### Input

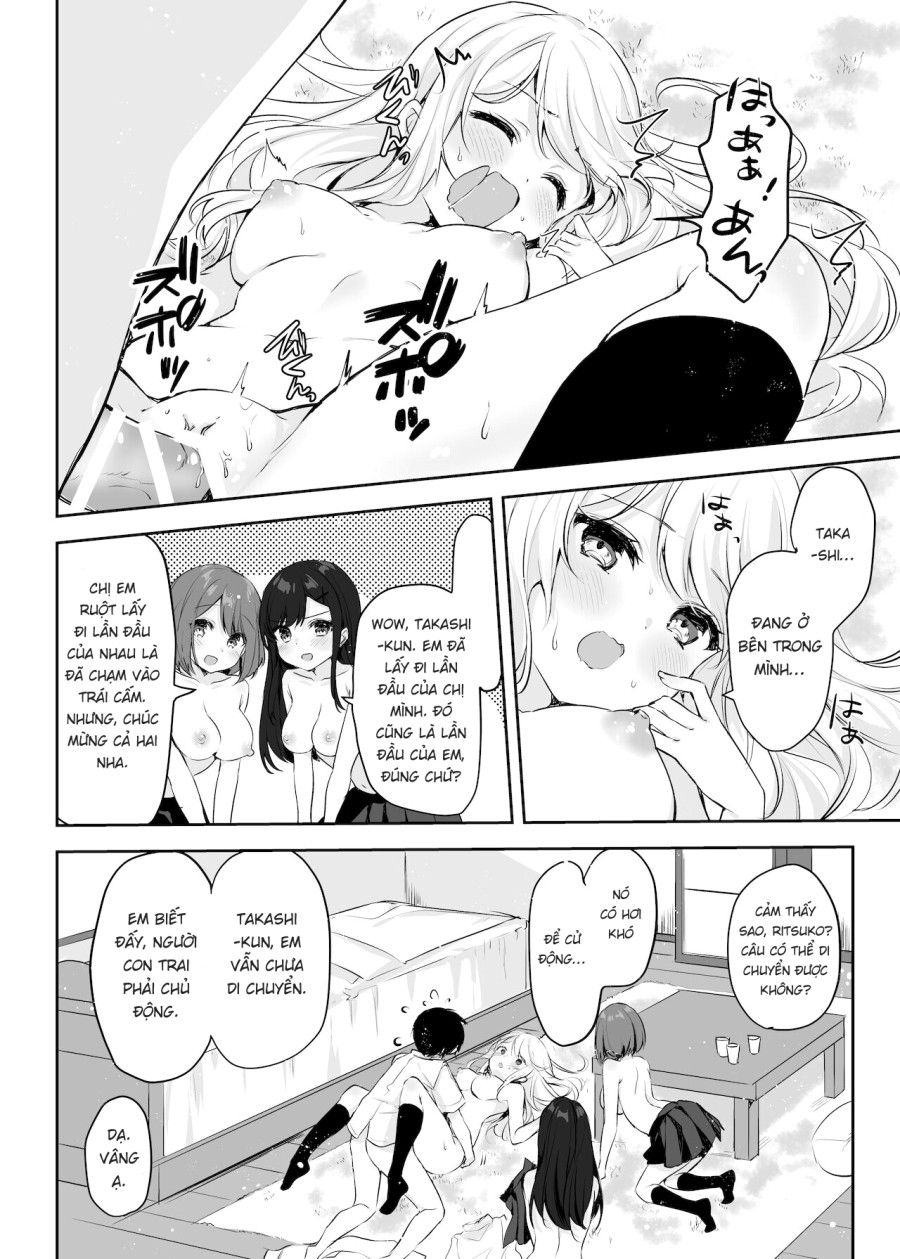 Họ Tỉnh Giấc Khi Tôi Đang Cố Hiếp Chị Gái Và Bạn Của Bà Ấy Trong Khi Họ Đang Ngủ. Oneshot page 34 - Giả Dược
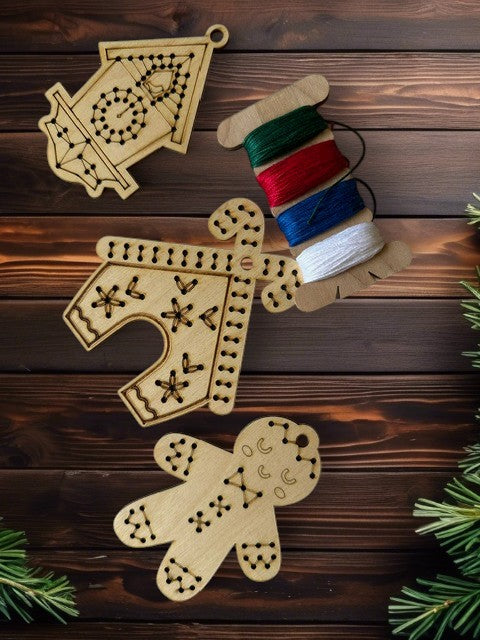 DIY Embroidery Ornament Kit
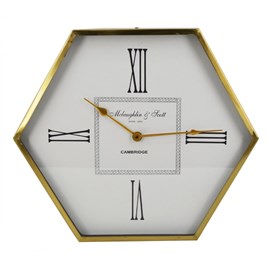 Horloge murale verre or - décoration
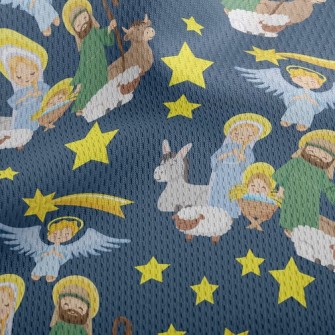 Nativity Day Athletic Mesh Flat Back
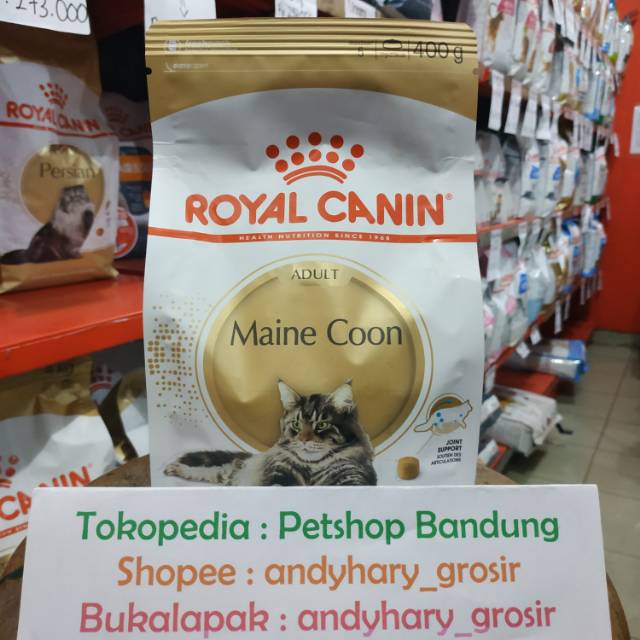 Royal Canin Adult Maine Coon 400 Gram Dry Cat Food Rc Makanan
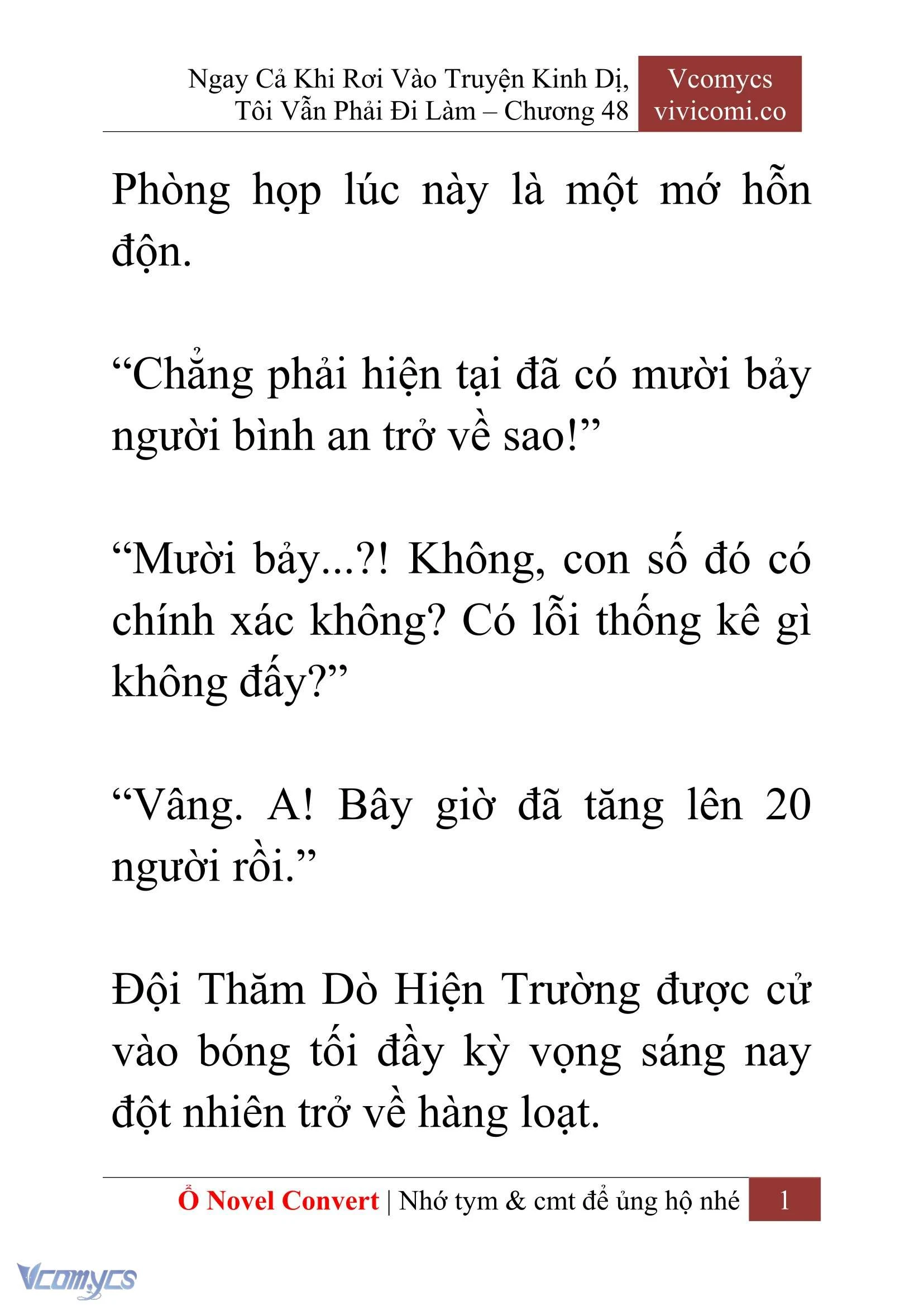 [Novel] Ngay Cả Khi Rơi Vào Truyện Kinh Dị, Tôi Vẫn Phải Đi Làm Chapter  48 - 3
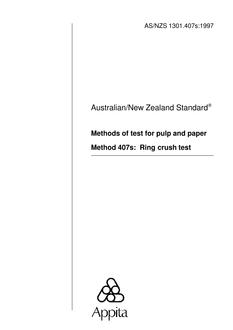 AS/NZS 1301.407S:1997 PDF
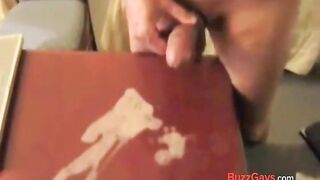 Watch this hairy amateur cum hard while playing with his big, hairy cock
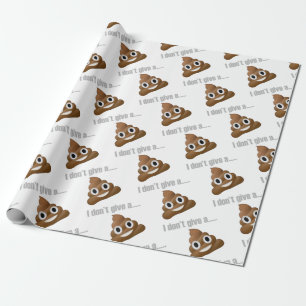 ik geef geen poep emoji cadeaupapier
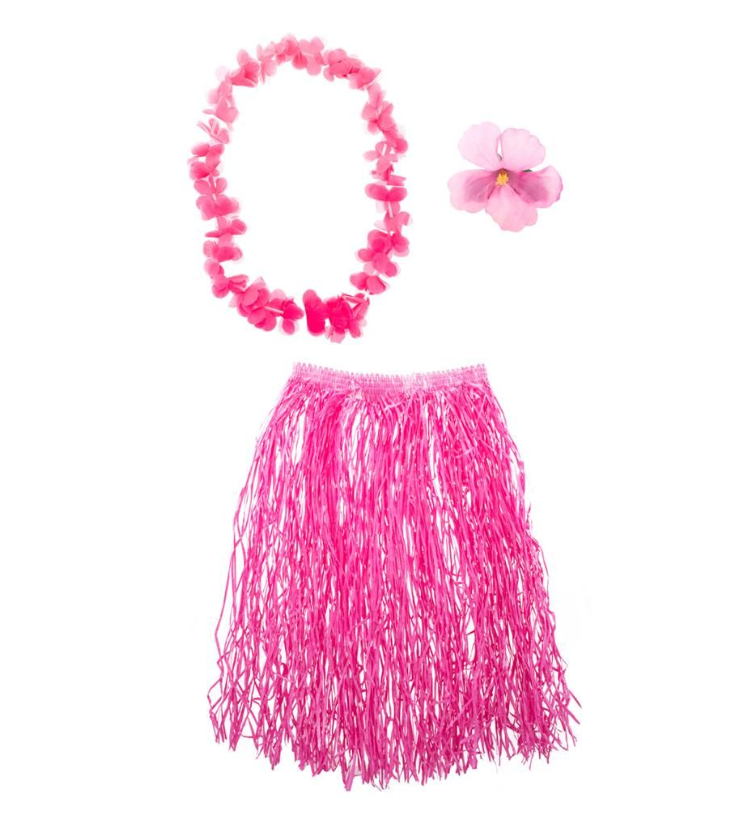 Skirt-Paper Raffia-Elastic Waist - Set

######

→ **What the exercise asks**:
Print the material above once more, exactly. No pictures belong in it.

→ **Written solution**:
 Họ Tỉnh Giấc Khi Tôi Đang Cố Hiếp Chị Gái Và Bạn Của Bà Ấy Trong Khi Họ Đang Ngủ. Oneshot page 34 - Giả Dược
 DIY Embroidery Ornament Kit
 Horloge murale verre or - décoration
 Nativity Day Athletic Mesh Flat Back
 Royal Canin Adult Maine Coon 400 Gram Dry Cat Food Rc Makanan
 [Novel] Ngay Cả Khi Rơi Vào Truyện Kinh Dị, Tôi Vẫn Phải Đi Làm Chapter  48 - 3
 AS/NZS 1301.407S:1997 PDF
 Watch this hairy amateur cum hard while playing with his big, hairy cock
 ik geef geen poep emoji cadeaupapier
 Skirt-Paper Raffia-Elastic Waist - Set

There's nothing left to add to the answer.